Greetings to all - I have just found this forum and it looks like it contains a wealth of information from a large group of experienced people - just what I need!

My wife has designed a bathroom cabinet - I just need to build it! 

Essentialy it is a box (with shelves inside) about 48" high x 57" wide by 6" deep. The problem is that she wants the front to be a single large mirror that slides open at least 32".

The mirror can be mounted on plywood to make the attachment of sliding hardware possible, but I don't seem to be able to find anything that will do the job.

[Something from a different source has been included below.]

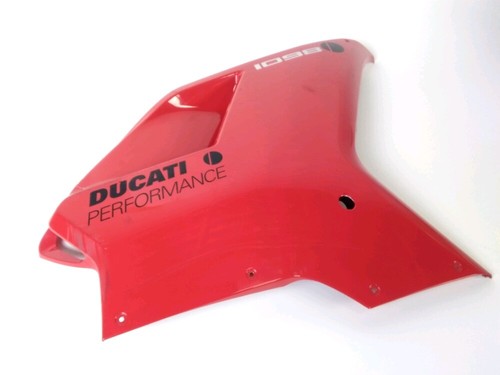 Carenage avant droit ducati - carenage,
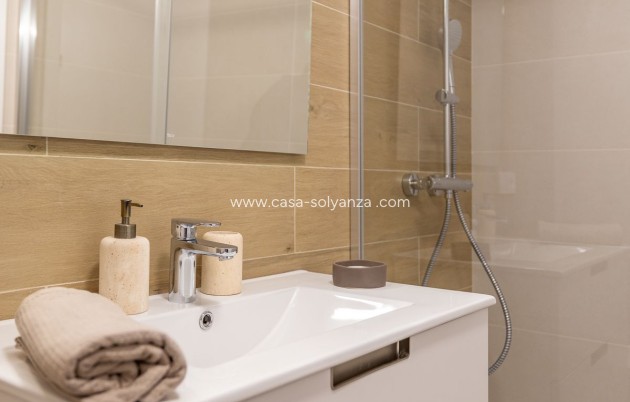 Nieuwbouw Woningen - Appartement / flat - Calpe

Potentially drawer sliders will have to do, but when the door is slid open, they will look really ugly. Equally I am not sure I will be able to actually mount/engage the sliding and static parts of the sliders since I cannot slide the door into the sliders the way that a drawer normally does.

Any thoughts? It's impossible to even start the project without knowing how the hardware is going to mount up.

Thanks for your ideas and help!!


----------



## cabinetman (Jul 5, 2007)

*WELCOME TO THE FORUM*

Here is one type of sliding door hardware.


----------



## pogobongo (Jun 16, 2009)

*Cantilever requirement*

Thanks for the fast response.

Probably I wan't clear, but the door must slide out from the box, i.e. the only support will come from "track" still in the box. This is why a drawer type slider seems the closest solution, providing solid support as the door cantilevers out.

Thanks again for your thoughts and suggestions.


----------



## skymaster (Oct 30, 2006)

Pogo: Go to Blum website. They have cabinet hardware that opens UP like a flap. Once you get a part number you can hunt it down on the net


----------



## red (Sep 30, 2008)

If your cabinet is only 6" deep, how is any drawer slide that opens to 32" going to fit inside it? Just thinking out loud.

Red


----------